Exercise objective
What you give back should be exactly the lines from the one with "Volleyball, SuperCup Pressetermin" through the end of the data, without the pictures.

Data section

● ● ● ● ●

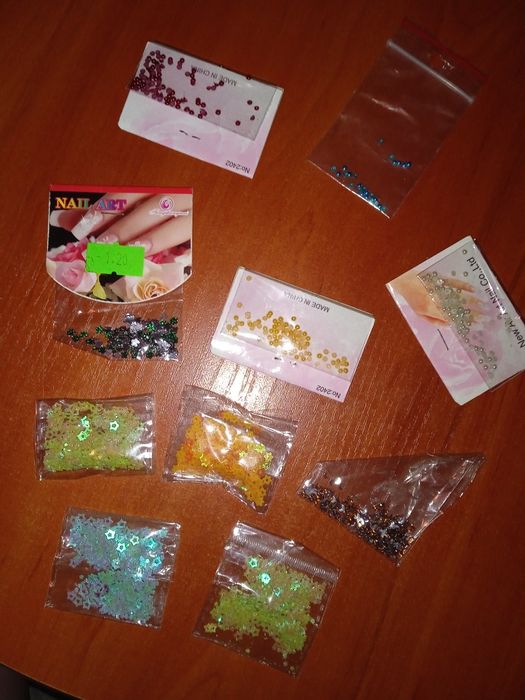 Komplet Zestaw Cyrkonie Do Paznokci Ozdoby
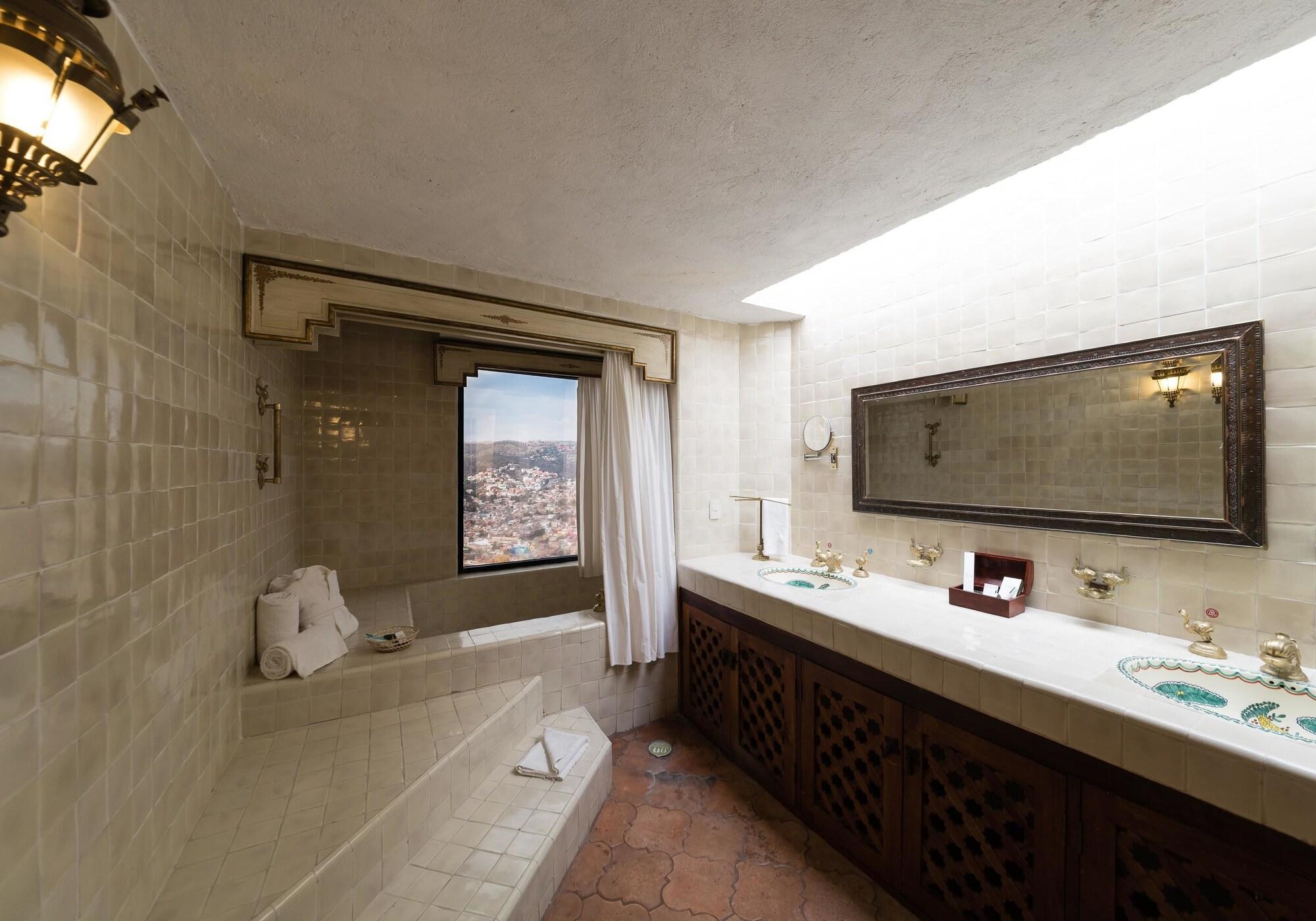 Hotel Mision Grand Casa Colorada Guanajuato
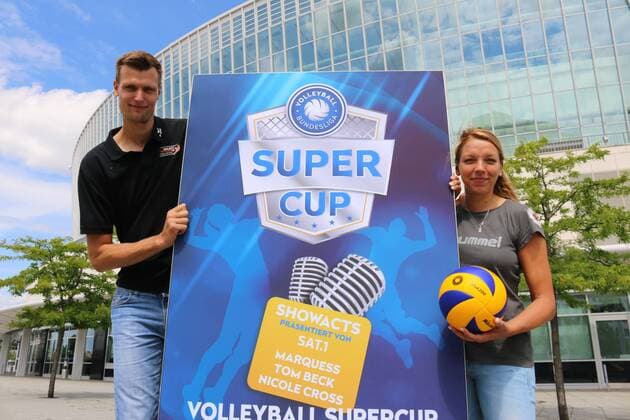 Volleyball, SuperCup Pressetermin in Berlin 12.7.2016: Mercedes-Benz-Arena: Robert Kromm (BR Volleys) + Katharina Schwabe (Dresdner SC)
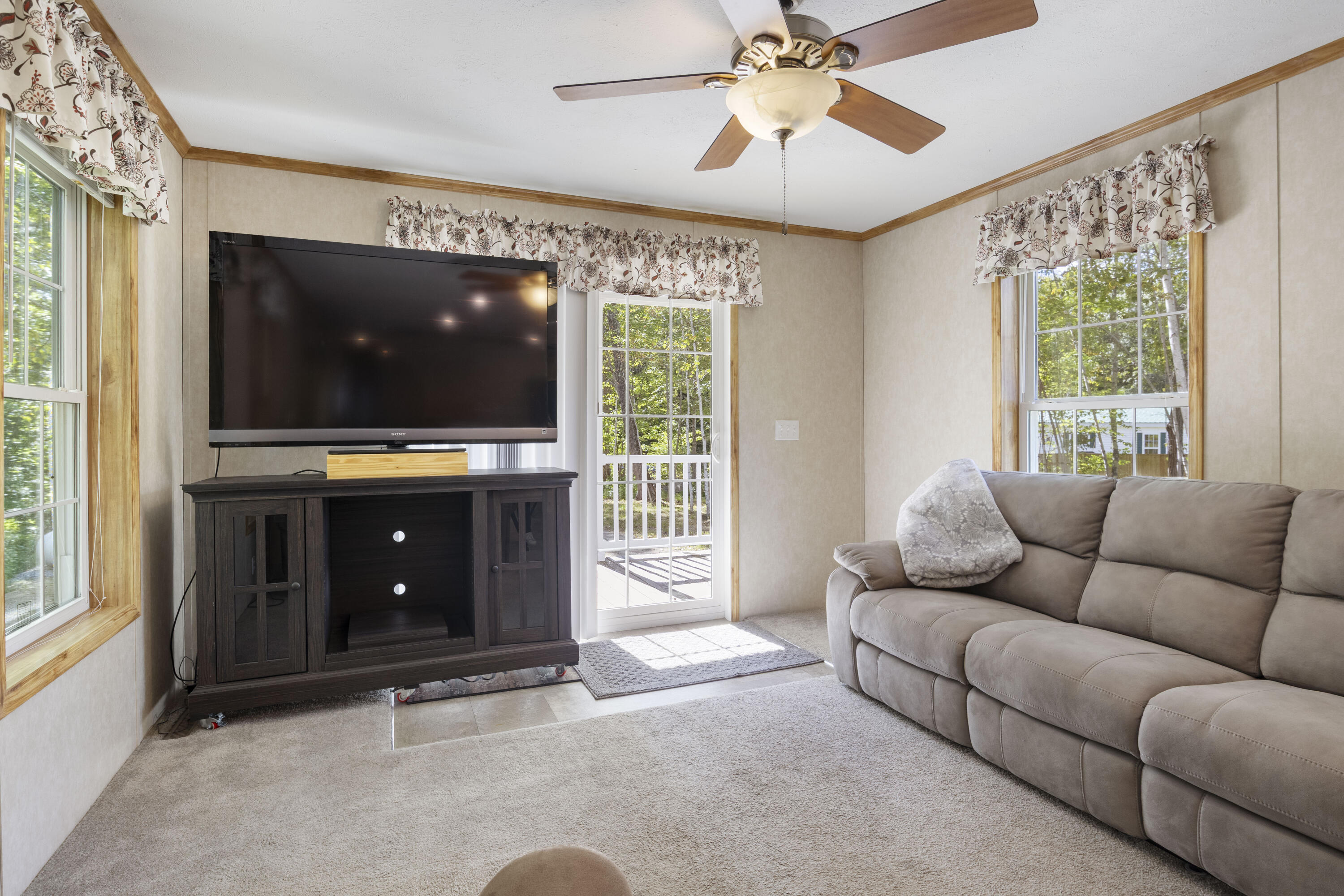 19 Old Route 26 Paris ME 04281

● ● ● ● ●

Task output
 Volleyball, SuperCup Pressetermin in Berlin 12.7.2016: Mercedes-Benz-Arena: Robert Kromm (BR Volleys) + Katharina Schwabe (Dresdner SC)
 19 Old Route 26 Paris ME 04281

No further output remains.